Eu sentia que a sua fala, apesar dos vocábulos, não me acalmava. Parecia dizer o contrário do seu significado. E a cada dia ela ficava mais distante. Sua forma encolhia com os cortes das máquinas. Ela evitava me olhar. Os beijos haviam sumido. E eu passei a me atrasar. Se houvesse uma forma de entrar no trem sem passar por ali, eu teria feito. Além da impotência de não saber o que fazer, a maior dor foi ela ter se distanciado de mim antes do fim.

Não sei se ela sabia o que a esperava, ou se tinha muitas outras moças para se despedir em pouco tempo. Na verdade, a gente nunca sabe do outro. Podemos tentar saber o que se passa em nós mesmos.
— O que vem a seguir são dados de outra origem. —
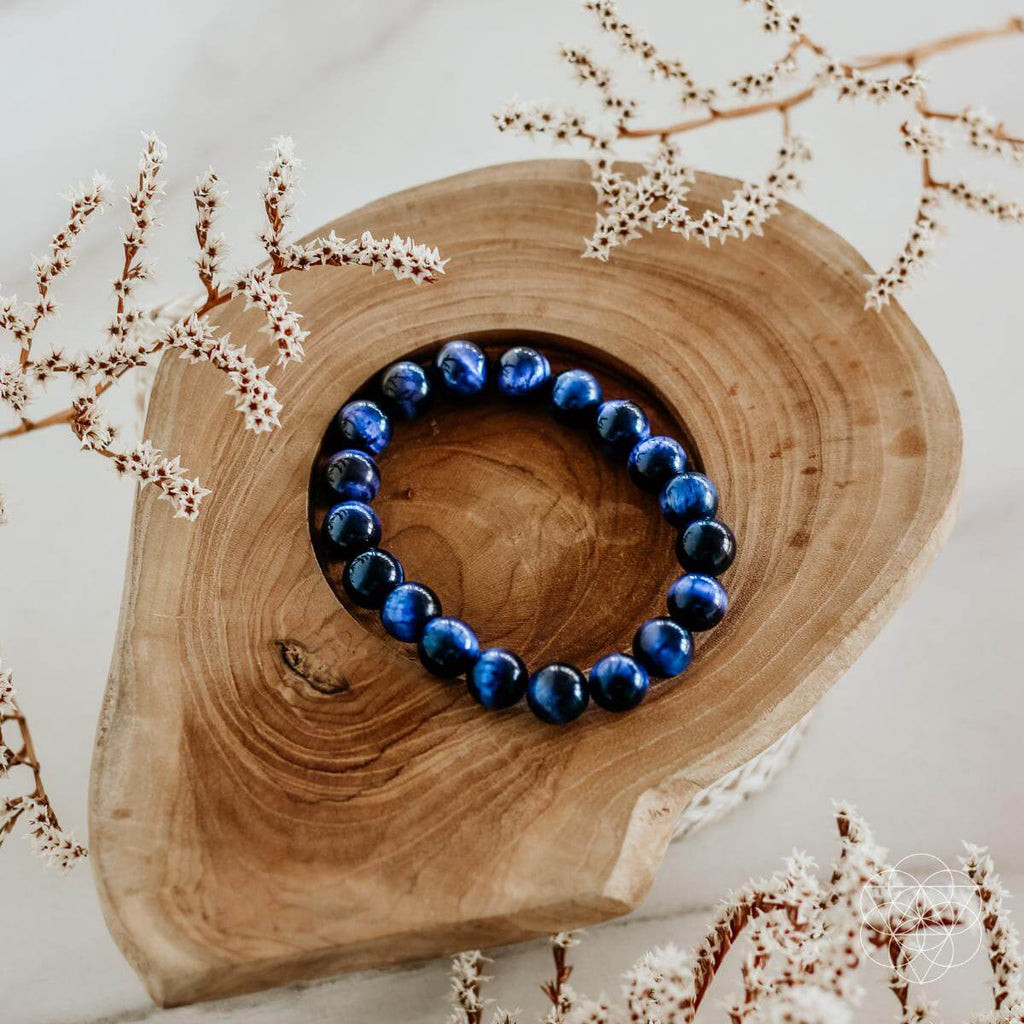 Blue beaded bracelet on a wooden surface with decorative branches.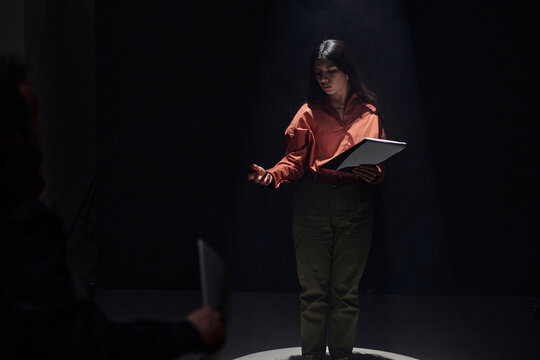 Young adult Hispanic woman standing on stage holding script, performing monologue during acting audition, gesturing with hand while looking at casting director in dark theater setting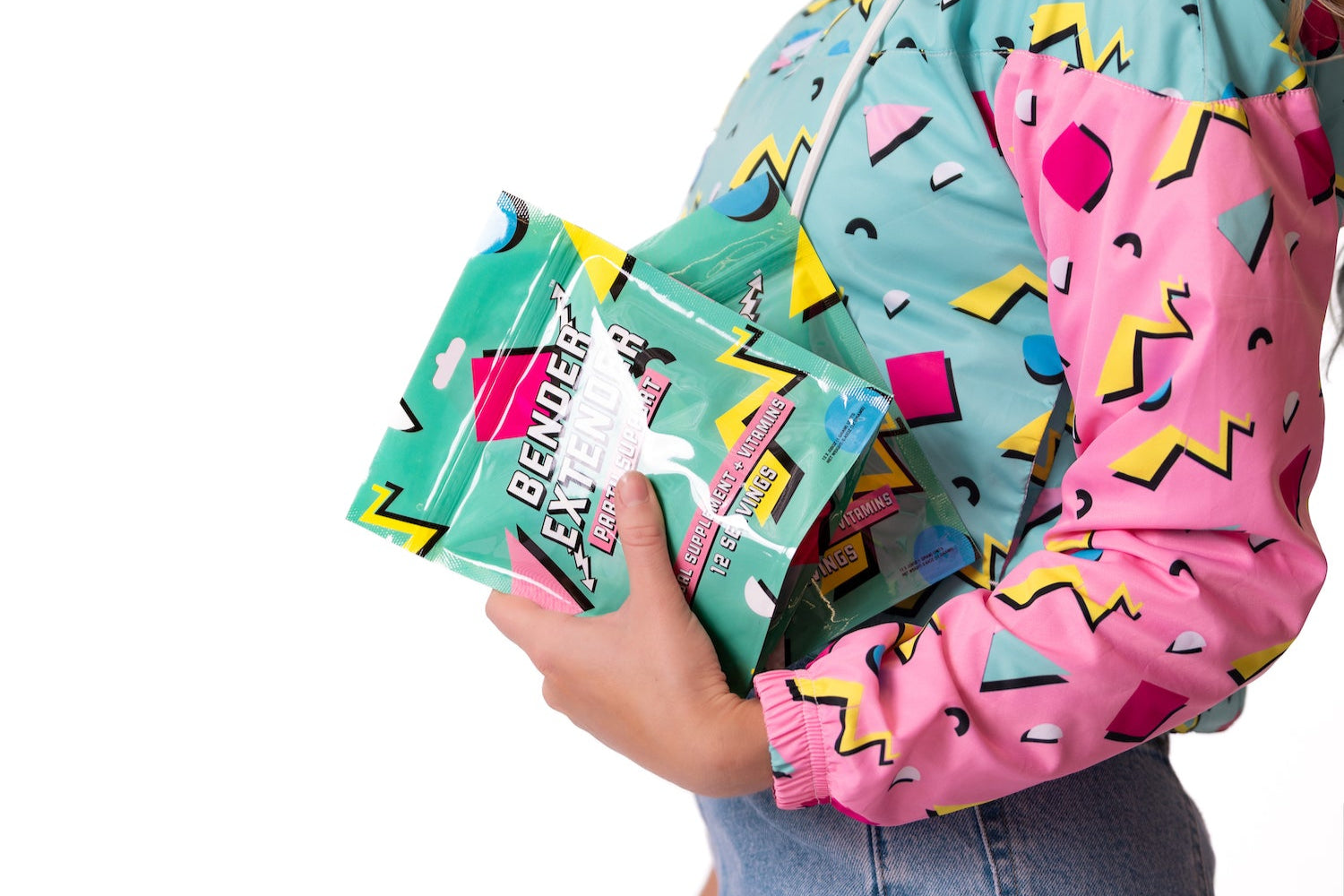 Person wearing a colorful jacket holding a green bag with text on a white background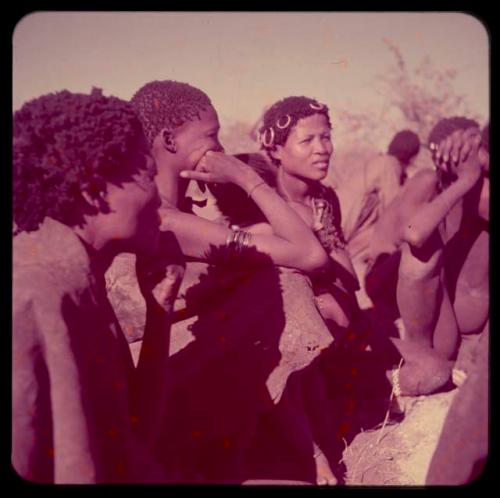 Groups, "Nuclear Family": Group of people sitting by "/Gao Music's" skerm, including Khuan//a ("Gao Medicine's" sister) wearing copper rings in her hair, //Khuga with her hand to her face and /Naoka ("Gao Medicine's" first wife)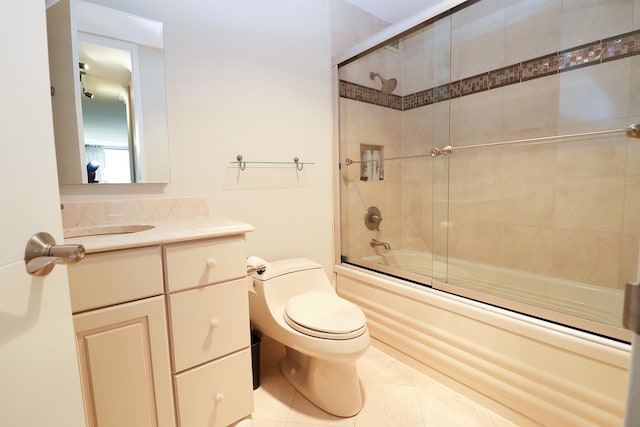 full bathroom with toilet, vanity, tile patterned flooring, and bath / shower combo with glass door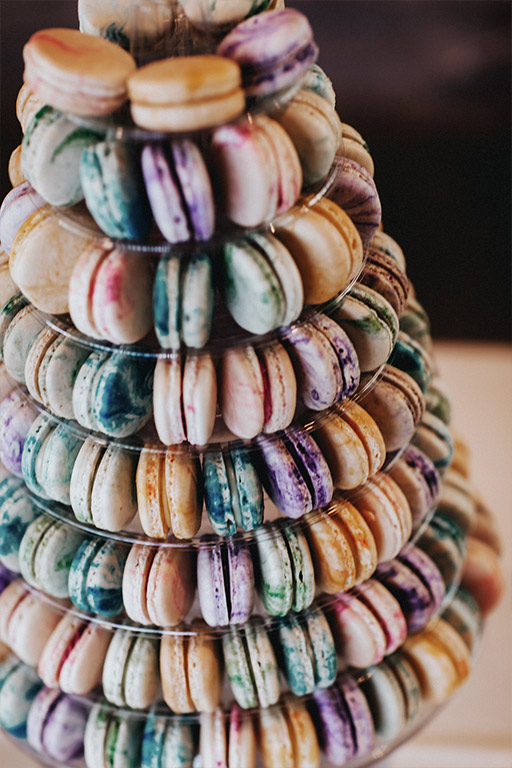 A colorful french macaroon tower at the wedding reception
Isso se tivermos sorte.

Depois do seu total desaparecimento, nada foi plantado no lugar. O espaço ficou como um cemitério de restos de troncos. Primeiro, vieram as baratas. Penso que elas que vão dominar o mundo quando nós desaparecermos deste lugar. Depois, virou um espaço melancólico, uma mistura de pedaços de madeira com muito lixo. Nada novo apareceu no lugar.

Ando pensando obsessivamente em árvores esses dias. Talvez seja a minha ideia fixa de ter uma base sólida para que, na primavera, a minha copa brilhe frondosa.

E ao lembrar do meu romance com a árvore da estação e nosso final trágico, pensei nessa tendência de destruição que nos habita.

Quando eu era criança, lembro de ter uma perspectiva sólida de futuro. Aos “30 anos” eu teria uma vida estabelecida, pensava. A vida era uma linha reta, com ponto de chegada.

Hoje, quando vejo minha filha, sinto que as novas gerações perderam o “futuro”. Elas têm um presente incerto nas mãos, como uma batata quente que não sabem exatamente onde colocar.

Mas talvez elas tenham a chance de mudar essa forma de agir, baseada em destruição. A minha geração, muitas antes de mim, e algumas depois, viveram com essa perspectiva de que os recursos eram infinitos. Assim como as possibilidades. Quanta vida jogada num desperdício sem fim. E essa lógica permeia tudo. Se algo não funciona, basta trocar. Trabalhar mais, comprar mais, destruir, abrir mão do que não funciona, substituir.

A cada dia, estamos sendo informados que os recursos são finitos. Que a vida é uma preciosidade frágil. Que demoramos muito tempo para construir algo e isso deve ser olhado com atenção, cuidado. Que a saúde do outro é também a nossa. Estamos todos fragilmente interligados. Como um dominó.

Minha pequena acompanhou o fim da árvore da estação comigo. Passamos pela tristeza, revolta e impotência juntas. E agora sonhamos em plantar árvores. Ela diz que vai ser a “governadora” para resolver todos esses problemas. É... parece que o futuro ainda existe.